For each chapter in Finding Ghosts in Your Data, I’ll include a few resources that I found interesting. This isn’t a bibliography, strictly speaking, as I might not use all of these in the course of writing, but they were at least worth noting.
Is This Thing On?
The theme for chapter 5 is testing, so almost all of the links are related to that. Specifically, I broke this down into unit testing and integration testing.
For unit testing, there are a few really good frameworks, such as pytest, pytesting, and unittest. I landed on pytest and appreciate the API reference and examples they provide. When it comes to writing test cases, I enjoyed Goran Aviani’s introduction to unit testing in Python.
As far as integration testing goes, there are integration test suites like integrate, though my primary point for interaction is via FastAPI, and so I decided to use Postman, as I have a pretty good amount of experience with it. Writing tests on Postman is pretty easy, though automating via newman is not trivial.
Something I thought about doing but haven’t done yet is to integrate in GitHub Actions to automate test-running.
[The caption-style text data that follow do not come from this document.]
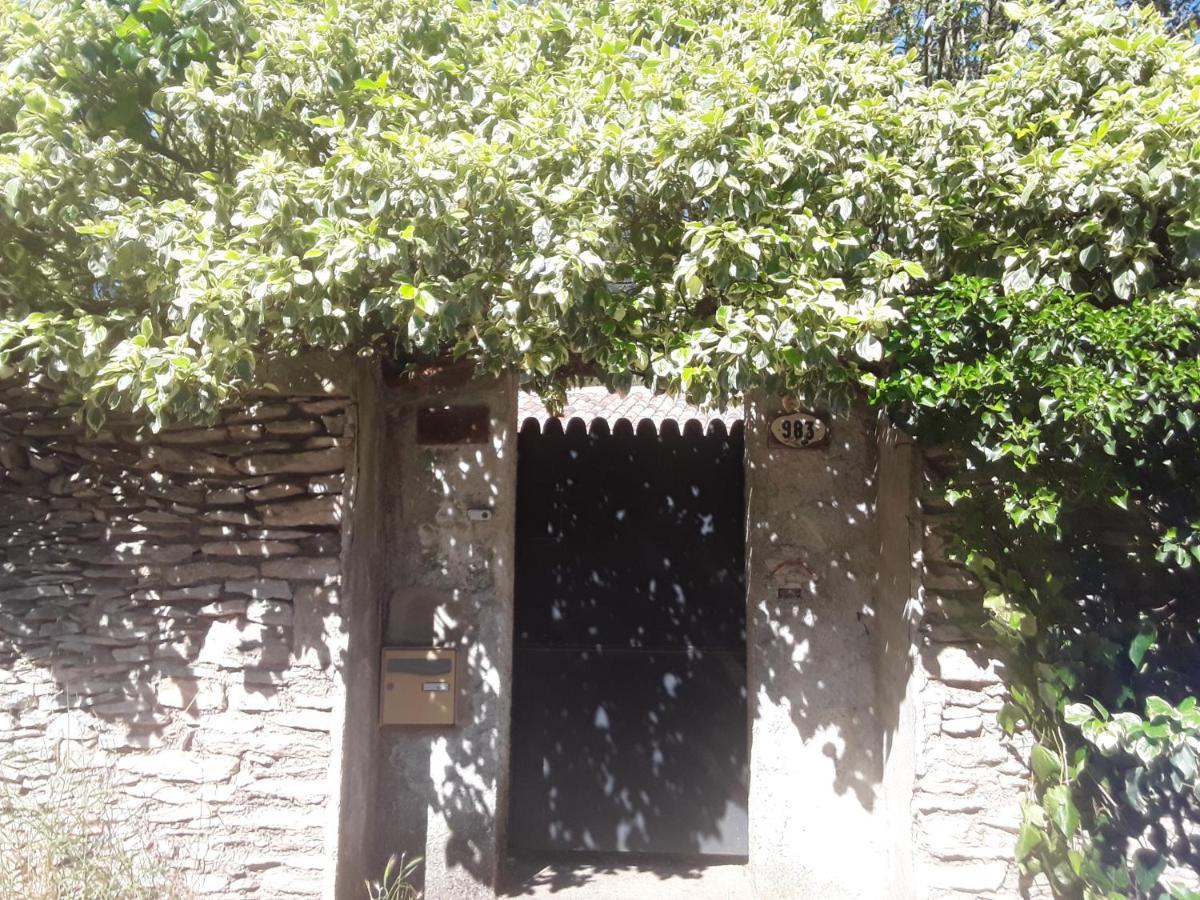 נים Chambres D'Hotes Lovely Planette מראה חיצוני תמונה
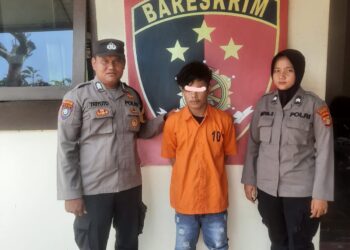 Kesal Digaji Kecil, Karyawan Koperasi Nekat Gadaikan Sepeda Motor Bos Untuk Biaya Cari Pekerjaan Lain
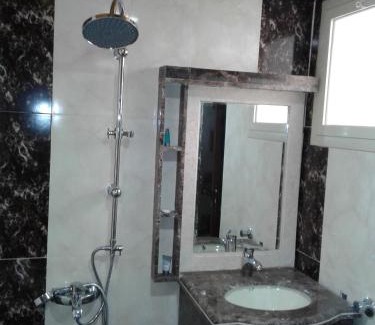 Nairyah Apartment | نخلة الصحراء للشقق المخدومة
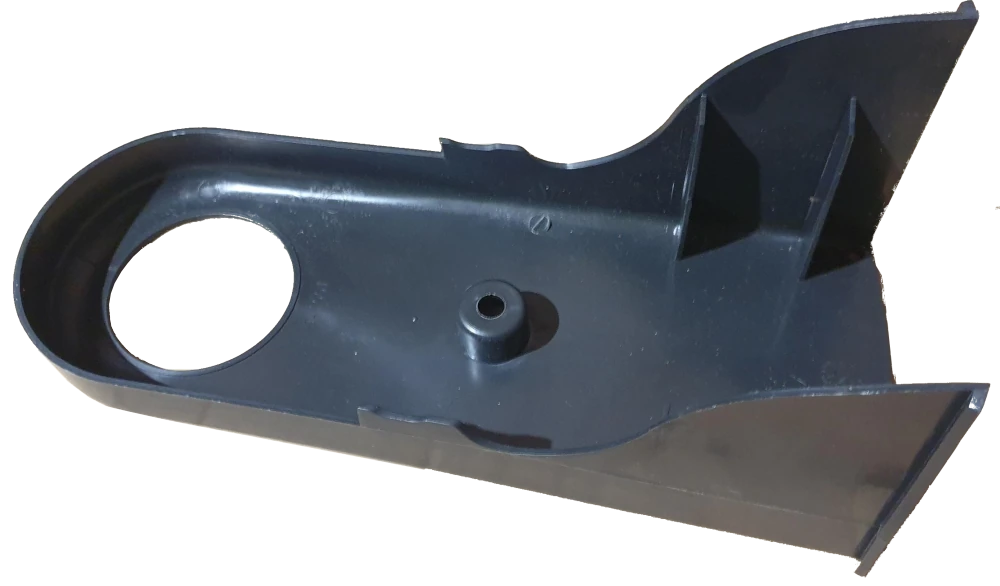 Belt Cover for Powerbase Lawnmowers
Kevin Fawcett has a really good post on the topic, as does Rupert Thomas.
Writing Testable Code
The last set of links for this chapter relate to writing high-quality, testable code in Python. Noah Gift has a good article on the topic, giving some ideas about how we might try to understand and measure code complexity.
What I was really looking for when I went down this road was Sebastian Buczynski’s Clean Architecture in Python work. Sebastian has a big article, a follow-up article, and a book on the topic. Think of this as the object-oriented approach in Python, heavy in dependency injection and mockable object modeling.
I actually take a different tack than Sebastian in writing the code for the book, but I do give an explicit call-out to the concept of Clean Architecture and Sebastian’s book. In a post in the not-too-distant future, I’ll include an excerpt talking about my style of writing testable code.
3 thoughts on “Interesting Resources for Chapter 5”
Thanks for mentioning my work!
I saw in the other post you elaborated on the approach you prefer which focuses on pure functions. I was wondering if you are familiar with Gary Bernhardt’s talk “Boundaries”? He also leverages functional approach but also shows how to deal with side-effect heavy stuff
Thank you for the info on that talk. I don’t think I’ve seen it yet so I’m going to check it out.